Authors: Fern Michaels
Mike closed his eyes as he sighed with contentment. They snapped open a moment later when Olive jumped off the chair and raced out of the room, her tail swishing with excitement.
“Hello, Dr. Sorenson. How are you this evening?”
Mike rubbed his eyes. “Who are you?”
“Billy Jensen. Olive just chased my dog, Jeeter, out of the room. They play together every night. It’s been a long time since Jeeter had a friend.”
“I didn’t see a dog,” Mike mumbled.
“He stays invisible sometimes. I don’t know why. We need to talk, Dr. Sorenson.”
“About what? You’re the ghost, aren’t you?”
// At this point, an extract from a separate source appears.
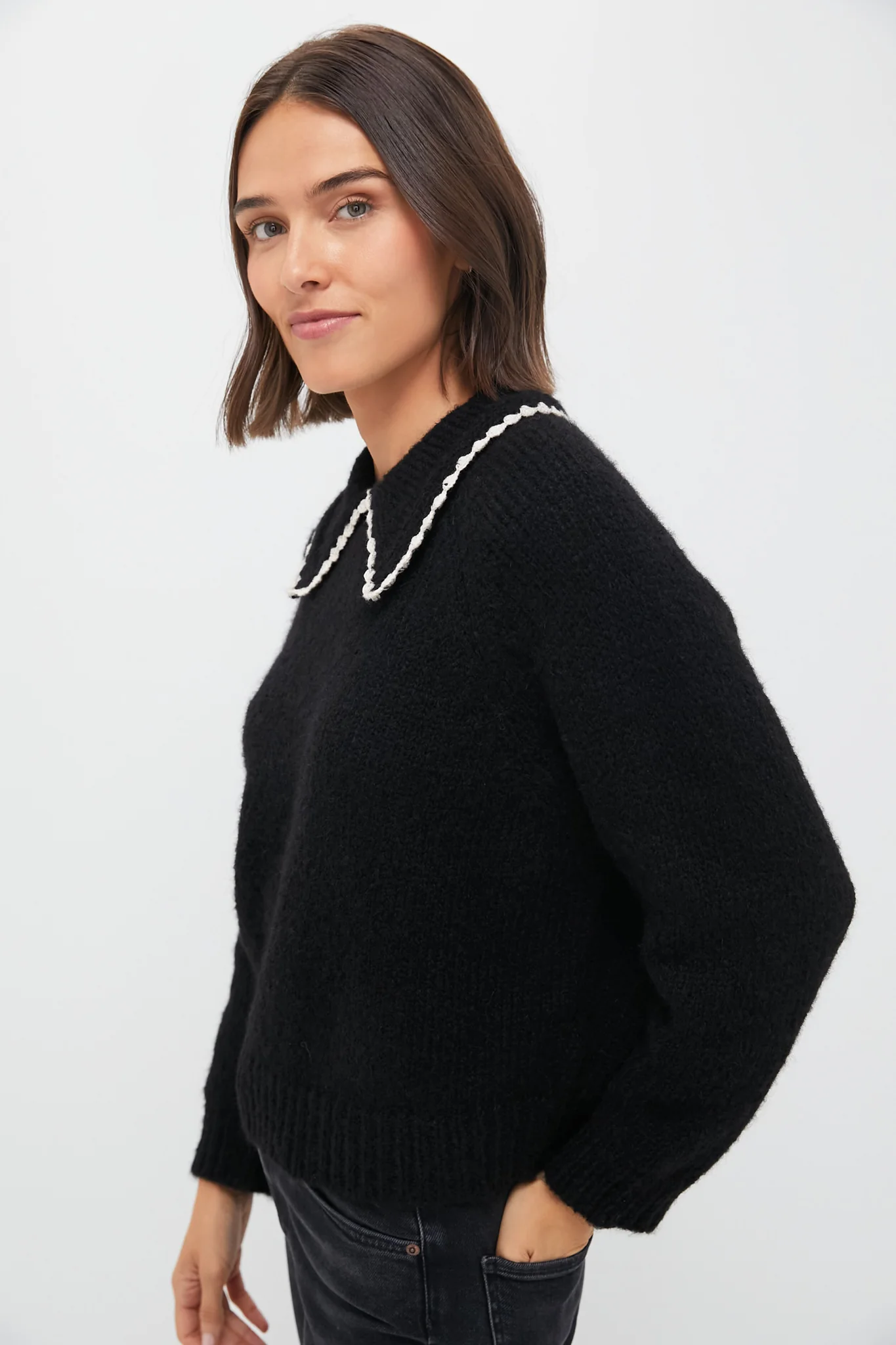 Black with Soft White Crochet Collar Pullover - Image 3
“I’m not of your world if that’s what you mean.”
“Are you sure this isn’t a dream?”
“I’m sure.”
“What do you want to talk about? I’m all ears.”
The boy giggled.
“Then you would have ears all over your head. I only see two.”
Mike couldn’t resist. He wiggled his ears the way he’d done when he was a kid. “Talk to me, Billy.”
On the adjoining farm, Trixie McGuire snuggled against her husband. “That was nice, Fred. Real nice. And we owe it all to one little pill,” she said, eyeing the prescription bottle on the nightstand. Were her eyes playing tricks or were there three pills still in the bottle? “Fred, there are still three pills in this bottle. I don’t understand.”
“Trixie honey. I can’t lie to you.” He raised up on his elbow.
“But you said . . . I thought . . . do you mean . . . all those other times you didn’t take . . . ?”
He shook his head. “Nope. I didn’t need them. I just let you think I took them. Don’t ask me why. Maybe because we had that dry spell there for a while. I didn’t want you to lose interest in me, Trixie.”
“Fred, that would never happen. If I gave you the impression . . .”
“You didn’t. It was me. I kept thinking I wasn’t the man you married anymore. I want it to be the same as it used to be. We’re getting up there in years, but I don’t feel old. I don’t ever want to feel old. Those pills made me feel old, Trixie.”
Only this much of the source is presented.